Funds that doubled usually lost money in the ensuing years, a worrisome portent for the funds that gained 100% or more in 2020.

Executive Summary

  • Eighteen equity funds posted gains of 100% or more in 2020, the most since 2009.
  • Of the 123 stock funds that gained 100%-plus between 1990 and 2016, just 24 made money in the three years following their big gain, with the average fund losing around 17% per year.
  • Funds that lost money in the years before their big gain were far likelier to earn a positive return in the years after that big year than funds that made money in the run-up to their big gain.
  • Seventeen of the 18 funds that gained 100% or more in 2020 had also earned positive returns over the prior three years, with the average fund gaining more than 23% per year from 2017 to 2019.
  • These 18 funds tend to invest in stocks that are very expensive--they were recently trading at around three times the valuation of the NASDAQ 100 Index, on average.

Introduction In 2020, 15 stock mutual funds and three exchange-traded funds posted gains of 100% or more. That was the most since 2009, when 29 funds achieved the same feat. Investors have taken notice, with those 18 funds and ETFs gathering nearly $19 billion in inflows last year in total.

But what tends to happen to stock funds after they post a gain of 100% or more in a year? To answer that question, we scoured return data from the past three decades, finding:

  • Funds have gained 100% or more in a calendar year 141 times since 1990. This amounts to 0.18% of all calendar-year returns reported over that span, making it a very rare occurrence.

Exhibit 1: Number of Stock Funds to Gain 100% or More in a Calendar Year (as of Dec. 31, 2020; includes dead funds; oldest share class only)

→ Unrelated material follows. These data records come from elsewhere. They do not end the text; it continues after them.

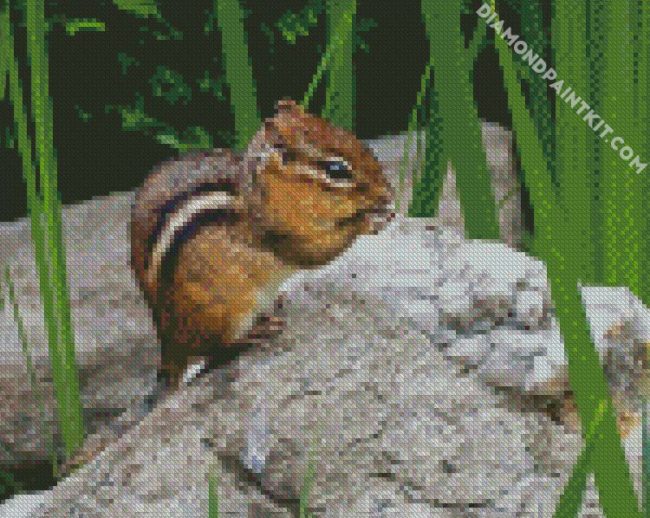 Chipmunks Animal diamond painting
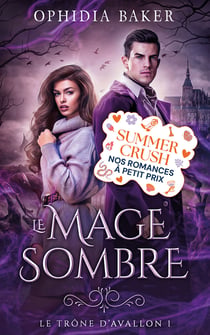 Le mage sombre, Le Trône d'Avallon - tome 1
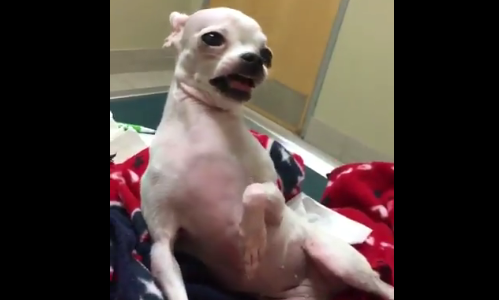 Video: así quedó un chihuahua después de ingerir accidentalmente marihuana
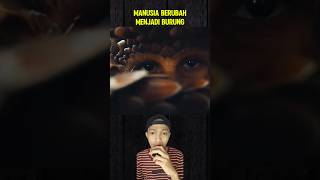 MANUSIA BERUBAH JADI BURUNG #film #short #storytelling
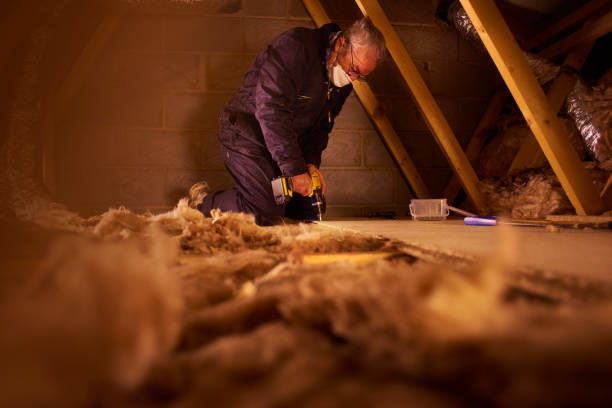 Best Specialized Insulation Services in Evansville, WI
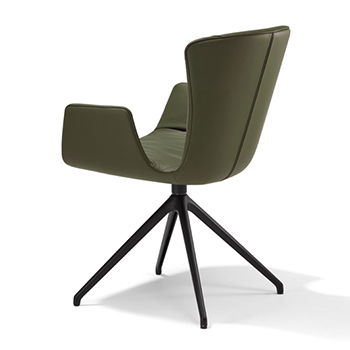 Dexter Dining Chair with Arms - Star Base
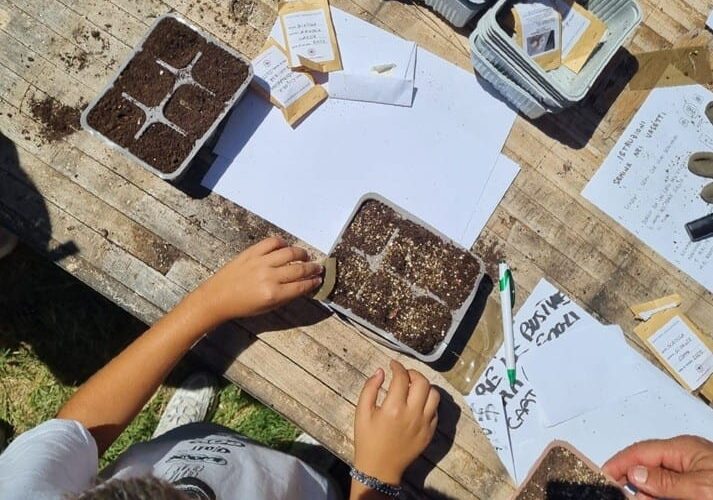 San Benedetto, al centro diurno &ldquo;Biancazzurro&rdquo; l&rsquo;orto diventa spazio di inclusione e socialit&agrave;. Ecco il valido progetto per un&rsquo;esperienza educativa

- source: Morningstar Analysts

  • The ensuing years tended to be unkind to these funds: The average fund tumbled to a 9.9% loss in the year following its big gain, a 17.5% annual loss in the two subsequent years, and a 16.6% per year loss in the three years that followed.

Exhibit 2: Subsequent Average Annual Return of Stock Funds That Gain 100%-plus in a Calendar Year (as of Dec. 31, 2020; includes dead funds; oldest share class only)

- source: Morningstar Analysts

  • Subsequent losses were widespread among these funds. Of the 123 funds to have gained 100% or more in a calendar year since 1990, only 24 earned a positive return in the three years that followed. In other words, 80% of these funds went on to lose money.

Exhibit 3: Funds That Gained 100% or More in a Calendar Year: Breakdown of Number of Funds that Lost versus Gained in the Years That Followed (Jan. 1, 1991-Dec. 31, 2020; includes dead funds; oldest share class only)

- source: Morningstar Analysts

Silver Linings? Are there silver linings? Yes. Eighty-eight of the 123 funds were go-go tech/Internet darlings that soared in 1999 but crashed after, losing 24.1% per year from Jan. 1, 2000, to Dec. 31, 2002. While that's hardly encouraging, these tended to be narrower funds that owned low-quality names.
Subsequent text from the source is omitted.